Private businesses are expected to be stronger in the 2014/15 financial year, after they went through a dismal period over the last 12 months, EmmanuelTumusiime-Mutebile, the Bank of Uganda governor, has said.
Presenting the June monetary policy statement at BOU offices last week, Mutebile said the private sector had started to borrow more.
"Credit growth for the private sector has picked up a little and is expected to increase over the remaining part of this year and next two years," he said.
"Growth in economic activity is expected to pick up gradually but it is likely to take some time before the economy returns to the historical growth trajectory of seven per cent."

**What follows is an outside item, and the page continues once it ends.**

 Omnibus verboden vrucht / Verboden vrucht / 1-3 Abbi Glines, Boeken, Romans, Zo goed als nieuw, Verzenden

BOU forecasts a reduction in inflation. The central bank eased the central bank rate (CBR) to 11 per cent amidst renewed confidence in the economy. It was the first time BOU was changing the CBR, which influences interest rates in the market, since December.
Government's domestic borrowing, according to Dr Adam Mugume, BOU executive director for research, is likely to be lower than it was in financial yea 2013/14. Government borrowed Shs 1.7tn, far higher than the anticipated Shs 1.1tn at the beginning of the fiscal year.
"Government borrowed a lot to cover up for the revenue shortfall. We want this to be less so as not to crowd out private sector borrowing," Mugume said.
Uganda revenue authority is expected to register a shortfall of Shs 400bn. The key uncertainty, BOU said, was that it expected a further drop in exports, mainly due to a crisis in South Sudan.
Nonetheless, BOU projects a growth of 6-7 per cent for the 2014/15 financial year.